- **Work item**: Write out, word for word, the part of the listing below that opens with the line containing "Here's The Exciting" and closes with the line containing "Appartement à CLERMONT-FERRAND", keeping both of those lines and adding no others.
======== Record set
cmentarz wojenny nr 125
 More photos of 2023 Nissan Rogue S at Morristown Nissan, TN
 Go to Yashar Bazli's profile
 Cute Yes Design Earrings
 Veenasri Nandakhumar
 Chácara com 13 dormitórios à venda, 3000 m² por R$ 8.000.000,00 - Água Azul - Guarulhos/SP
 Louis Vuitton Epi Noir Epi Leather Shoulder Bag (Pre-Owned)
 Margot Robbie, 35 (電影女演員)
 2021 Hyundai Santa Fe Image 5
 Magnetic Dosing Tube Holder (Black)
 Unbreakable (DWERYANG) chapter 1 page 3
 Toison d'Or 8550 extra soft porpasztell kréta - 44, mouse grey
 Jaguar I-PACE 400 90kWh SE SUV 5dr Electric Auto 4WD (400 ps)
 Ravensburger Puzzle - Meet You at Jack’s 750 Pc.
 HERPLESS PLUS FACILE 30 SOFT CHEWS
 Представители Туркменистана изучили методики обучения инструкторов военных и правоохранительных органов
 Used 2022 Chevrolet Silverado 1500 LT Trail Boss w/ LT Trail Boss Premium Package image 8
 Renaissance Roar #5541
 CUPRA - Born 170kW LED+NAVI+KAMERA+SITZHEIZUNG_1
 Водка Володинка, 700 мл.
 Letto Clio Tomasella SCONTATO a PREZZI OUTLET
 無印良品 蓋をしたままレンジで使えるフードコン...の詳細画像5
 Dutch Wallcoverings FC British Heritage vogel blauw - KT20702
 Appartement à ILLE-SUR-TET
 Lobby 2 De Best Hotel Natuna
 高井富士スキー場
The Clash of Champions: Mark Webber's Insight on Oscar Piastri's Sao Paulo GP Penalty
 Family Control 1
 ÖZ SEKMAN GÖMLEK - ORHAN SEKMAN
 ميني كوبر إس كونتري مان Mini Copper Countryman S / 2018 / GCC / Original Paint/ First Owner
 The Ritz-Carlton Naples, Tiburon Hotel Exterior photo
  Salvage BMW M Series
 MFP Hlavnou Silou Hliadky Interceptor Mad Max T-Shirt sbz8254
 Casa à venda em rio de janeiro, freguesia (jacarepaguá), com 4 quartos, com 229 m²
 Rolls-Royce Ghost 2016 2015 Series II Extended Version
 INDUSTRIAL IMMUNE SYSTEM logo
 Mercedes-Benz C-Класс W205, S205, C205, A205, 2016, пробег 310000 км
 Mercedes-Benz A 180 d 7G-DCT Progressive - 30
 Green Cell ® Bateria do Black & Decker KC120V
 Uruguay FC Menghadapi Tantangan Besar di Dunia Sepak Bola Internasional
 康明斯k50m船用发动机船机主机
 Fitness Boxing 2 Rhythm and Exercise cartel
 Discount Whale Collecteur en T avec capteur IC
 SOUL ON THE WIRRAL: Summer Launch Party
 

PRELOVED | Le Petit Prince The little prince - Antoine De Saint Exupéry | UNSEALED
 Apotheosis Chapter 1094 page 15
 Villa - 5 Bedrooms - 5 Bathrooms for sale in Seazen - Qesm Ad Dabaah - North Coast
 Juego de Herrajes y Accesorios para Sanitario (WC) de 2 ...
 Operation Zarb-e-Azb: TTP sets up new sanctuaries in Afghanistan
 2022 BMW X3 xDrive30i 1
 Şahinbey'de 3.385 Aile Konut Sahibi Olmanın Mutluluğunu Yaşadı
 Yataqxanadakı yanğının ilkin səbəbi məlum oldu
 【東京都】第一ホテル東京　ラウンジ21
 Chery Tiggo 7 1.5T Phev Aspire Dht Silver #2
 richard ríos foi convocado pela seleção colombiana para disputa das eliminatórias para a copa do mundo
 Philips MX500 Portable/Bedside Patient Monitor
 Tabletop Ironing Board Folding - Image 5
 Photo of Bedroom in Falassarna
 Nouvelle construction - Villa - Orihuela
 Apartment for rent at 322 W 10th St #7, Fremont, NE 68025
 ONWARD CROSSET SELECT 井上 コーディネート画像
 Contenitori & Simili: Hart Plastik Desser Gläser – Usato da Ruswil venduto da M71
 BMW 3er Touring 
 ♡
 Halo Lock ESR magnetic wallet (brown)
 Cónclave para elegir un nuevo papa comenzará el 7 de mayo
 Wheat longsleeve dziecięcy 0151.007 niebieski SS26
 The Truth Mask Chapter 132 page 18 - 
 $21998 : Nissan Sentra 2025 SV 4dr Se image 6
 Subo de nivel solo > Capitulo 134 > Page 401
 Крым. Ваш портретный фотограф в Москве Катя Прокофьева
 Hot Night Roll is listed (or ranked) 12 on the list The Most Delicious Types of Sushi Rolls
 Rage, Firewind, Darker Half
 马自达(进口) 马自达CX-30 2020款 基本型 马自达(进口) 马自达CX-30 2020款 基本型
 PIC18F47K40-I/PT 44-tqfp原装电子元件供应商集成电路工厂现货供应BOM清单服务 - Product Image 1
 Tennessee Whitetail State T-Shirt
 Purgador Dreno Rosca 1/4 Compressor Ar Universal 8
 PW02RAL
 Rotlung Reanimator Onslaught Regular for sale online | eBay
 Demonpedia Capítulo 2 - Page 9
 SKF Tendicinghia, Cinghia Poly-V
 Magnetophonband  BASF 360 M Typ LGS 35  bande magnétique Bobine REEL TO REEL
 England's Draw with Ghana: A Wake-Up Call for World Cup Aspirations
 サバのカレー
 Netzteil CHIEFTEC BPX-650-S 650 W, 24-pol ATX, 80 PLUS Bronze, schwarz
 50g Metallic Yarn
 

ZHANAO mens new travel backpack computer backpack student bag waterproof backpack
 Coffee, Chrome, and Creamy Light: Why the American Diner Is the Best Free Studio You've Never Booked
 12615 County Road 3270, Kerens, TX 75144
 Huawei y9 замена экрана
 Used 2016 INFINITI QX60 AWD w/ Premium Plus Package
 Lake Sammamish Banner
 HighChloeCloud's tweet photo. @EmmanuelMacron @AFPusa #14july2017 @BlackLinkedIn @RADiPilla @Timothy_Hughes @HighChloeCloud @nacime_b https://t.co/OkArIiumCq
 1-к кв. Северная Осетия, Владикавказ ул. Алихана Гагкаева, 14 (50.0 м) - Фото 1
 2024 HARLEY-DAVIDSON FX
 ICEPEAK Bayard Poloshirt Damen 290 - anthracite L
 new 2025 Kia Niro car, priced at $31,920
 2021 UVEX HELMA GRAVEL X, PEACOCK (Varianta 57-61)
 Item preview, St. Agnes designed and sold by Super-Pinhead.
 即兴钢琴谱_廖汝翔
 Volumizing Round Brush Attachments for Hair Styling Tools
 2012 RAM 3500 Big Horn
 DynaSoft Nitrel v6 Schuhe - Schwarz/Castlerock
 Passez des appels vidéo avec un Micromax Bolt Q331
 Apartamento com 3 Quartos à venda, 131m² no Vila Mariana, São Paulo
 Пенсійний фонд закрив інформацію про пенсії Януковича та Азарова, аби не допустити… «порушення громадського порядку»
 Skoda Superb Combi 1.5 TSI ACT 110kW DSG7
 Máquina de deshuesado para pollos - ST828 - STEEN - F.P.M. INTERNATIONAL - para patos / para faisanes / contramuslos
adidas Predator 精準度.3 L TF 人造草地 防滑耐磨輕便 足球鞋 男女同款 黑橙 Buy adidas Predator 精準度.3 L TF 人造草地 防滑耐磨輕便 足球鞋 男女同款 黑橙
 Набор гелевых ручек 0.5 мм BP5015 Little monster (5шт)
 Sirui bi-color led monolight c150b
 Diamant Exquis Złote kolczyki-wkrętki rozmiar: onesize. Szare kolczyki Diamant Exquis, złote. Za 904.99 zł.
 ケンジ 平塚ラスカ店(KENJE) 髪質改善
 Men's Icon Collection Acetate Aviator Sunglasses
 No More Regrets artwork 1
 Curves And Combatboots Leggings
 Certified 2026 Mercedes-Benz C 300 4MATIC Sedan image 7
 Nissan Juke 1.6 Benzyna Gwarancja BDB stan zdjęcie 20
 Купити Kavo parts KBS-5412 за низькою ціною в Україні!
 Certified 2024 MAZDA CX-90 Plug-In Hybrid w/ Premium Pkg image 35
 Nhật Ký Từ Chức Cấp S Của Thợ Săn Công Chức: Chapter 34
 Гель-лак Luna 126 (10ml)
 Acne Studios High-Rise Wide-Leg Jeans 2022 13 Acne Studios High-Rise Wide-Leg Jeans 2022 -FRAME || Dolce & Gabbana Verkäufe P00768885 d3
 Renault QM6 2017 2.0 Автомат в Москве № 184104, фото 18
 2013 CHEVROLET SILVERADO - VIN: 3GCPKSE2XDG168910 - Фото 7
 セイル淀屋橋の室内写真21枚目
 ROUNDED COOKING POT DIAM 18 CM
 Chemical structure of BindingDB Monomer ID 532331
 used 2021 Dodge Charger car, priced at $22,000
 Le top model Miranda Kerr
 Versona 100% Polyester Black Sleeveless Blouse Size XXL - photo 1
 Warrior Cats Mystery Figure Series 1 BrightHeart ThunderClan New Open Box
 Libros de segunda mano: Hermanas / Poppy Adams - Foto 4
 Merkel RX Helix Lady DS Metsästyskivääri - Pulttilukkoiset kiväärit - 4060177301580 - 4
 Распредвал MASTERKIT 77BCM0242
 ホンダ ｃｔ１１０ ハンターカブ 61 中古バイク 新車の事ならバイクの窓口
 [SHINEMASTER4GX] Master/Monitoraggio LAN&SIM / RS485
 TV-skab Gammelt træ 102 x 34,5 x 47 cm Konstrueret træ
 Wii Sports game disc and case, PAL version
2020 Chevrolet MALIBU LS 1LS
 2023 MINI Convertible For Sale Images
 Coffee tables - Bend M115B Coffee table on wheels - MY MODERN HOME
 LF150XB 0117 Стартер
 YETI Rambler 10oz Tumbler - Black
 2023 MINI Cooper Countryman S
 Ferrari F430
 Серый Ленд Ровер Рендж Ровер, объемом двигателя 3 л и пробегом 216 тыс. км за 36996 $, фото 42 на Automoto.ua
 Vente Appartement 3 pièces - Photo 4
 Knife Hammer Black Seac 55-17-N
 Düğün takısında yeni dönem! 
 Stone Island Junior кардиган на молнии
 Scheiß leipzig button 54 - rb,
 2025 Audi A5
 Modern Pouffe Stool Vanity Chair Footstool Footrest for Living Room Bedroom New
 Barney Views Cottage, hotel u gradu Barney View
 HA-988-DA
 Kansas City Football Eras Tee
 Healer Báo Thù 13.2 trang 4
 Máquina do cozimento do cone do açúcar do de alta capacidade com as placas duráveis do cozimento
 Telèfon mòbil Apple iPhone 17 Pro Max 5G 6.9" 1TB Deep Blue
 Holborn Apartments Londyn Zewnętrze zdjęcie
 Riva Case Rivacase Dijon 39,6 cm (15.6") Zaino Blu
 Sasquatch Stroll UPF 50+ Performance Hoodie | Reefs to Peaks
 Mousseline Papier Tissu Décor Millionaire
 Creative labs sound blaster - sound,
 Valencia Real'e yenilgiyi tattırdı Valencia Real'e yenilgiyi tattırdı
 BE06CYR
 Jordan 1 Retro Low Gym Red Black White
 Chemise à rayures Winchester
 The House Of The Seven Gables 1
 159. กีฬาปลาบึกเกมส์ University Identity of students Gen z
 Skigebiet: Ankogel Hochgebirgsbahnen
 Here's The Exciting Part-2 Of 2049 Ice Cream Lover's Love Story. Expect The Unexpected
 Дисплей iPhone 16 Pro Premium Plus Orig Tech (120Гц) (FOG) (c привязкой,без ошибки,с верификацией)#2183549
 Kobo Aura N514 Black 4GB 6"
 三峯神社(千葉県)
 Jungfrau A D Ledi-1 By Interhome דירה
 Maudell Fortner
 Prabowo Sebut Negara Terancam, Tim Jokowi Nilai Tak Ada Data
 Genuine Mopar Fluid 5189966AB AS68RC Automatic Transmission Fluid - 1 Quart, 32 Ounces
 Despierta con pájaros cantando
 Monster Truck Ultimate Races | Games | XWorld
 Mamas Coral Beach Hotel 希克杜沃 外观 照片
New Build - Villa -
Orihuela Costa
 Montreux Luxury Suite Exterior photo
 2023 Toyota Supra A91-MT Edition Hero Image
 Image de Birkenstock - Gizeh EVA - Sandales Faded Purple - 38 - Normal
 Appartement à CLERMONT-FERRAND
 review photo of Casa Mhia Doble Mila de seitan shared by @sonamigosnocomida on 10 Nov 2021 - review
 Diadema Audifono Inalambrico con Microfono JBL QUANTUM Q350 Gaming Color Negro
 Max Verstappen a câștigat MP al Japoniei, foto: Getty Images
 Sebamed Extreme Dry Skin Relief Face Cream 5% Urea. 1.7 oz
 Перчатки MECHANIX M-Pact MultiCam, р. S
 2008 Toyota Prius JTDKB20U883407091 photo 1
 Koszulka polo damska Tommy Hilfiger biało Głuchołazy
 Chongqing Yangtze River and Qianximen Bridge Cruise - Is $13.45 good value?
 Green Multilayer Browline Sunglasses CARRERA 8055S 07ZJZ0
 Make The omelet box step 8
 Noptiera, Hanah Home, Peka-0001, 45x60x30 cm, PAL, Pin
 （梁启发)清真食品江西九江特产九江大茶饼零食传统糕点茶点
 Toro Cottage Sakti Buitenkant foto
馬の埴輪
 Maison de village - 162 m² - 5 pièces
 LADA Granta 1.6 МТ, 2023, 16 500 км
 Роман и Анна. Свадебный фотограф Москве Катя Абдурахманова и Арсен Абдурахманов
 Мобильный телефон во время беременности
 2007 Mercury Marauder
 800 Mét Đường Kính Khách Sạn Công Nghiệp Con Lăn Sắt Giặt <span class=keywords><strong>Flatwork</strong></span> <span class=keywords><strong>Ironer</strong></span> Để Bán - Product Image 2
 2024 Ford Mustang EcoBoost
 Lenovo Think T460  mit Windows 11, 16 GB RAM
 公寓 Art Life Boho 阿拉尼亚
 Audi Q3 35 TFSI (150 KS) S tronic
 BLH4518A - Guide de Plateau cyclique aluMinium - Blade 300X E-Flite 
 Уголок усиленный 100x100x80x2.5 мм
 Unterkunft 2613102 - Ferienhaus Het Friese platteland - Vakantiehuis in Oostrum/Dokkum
================
- **Response to the exercise**:
 Here's The Exciting Part-2 Of 2049 Ice Cream Lover's Love Story. Expect The Unexpected
 Дисплей iPhone 16 Pro Premium Plus Orig Tech (120Гц) (FOG) (c привязкой,без ошибки,с верификацией)#2183549
 Kobo Aura N514 Black 4GB 6"
 三峯神社(千葉県)
 Jungfrau A D Ledi-1 By Interhome דירה
 Maudell Fortner
 Prabowo Sebut Negara Terancam, Tim Jokowi Nilai Tak Ada Data
 Genuine Mopar Fluid 5189966AB AS68RC Automatic Transmission Fluid - 1 Quart, 32 Ounces
 Despierta con pájaros cantando
 Monster Truck Ultimate Races | Games | XWorld
 Mamas Coral Beach Hotel 希克杜沃 外观 照片
New Build - Villa -
Orihuela Costa
 Montreux Luxury Suite Exterior photo
 2023 Toyota Supra A91-MT Edition Hero Image
 Image de Birkenstock - Gizeh EVA - Sandales Faded Purple - 38 - Normal
 Appartement à CLERMONT-FERRAND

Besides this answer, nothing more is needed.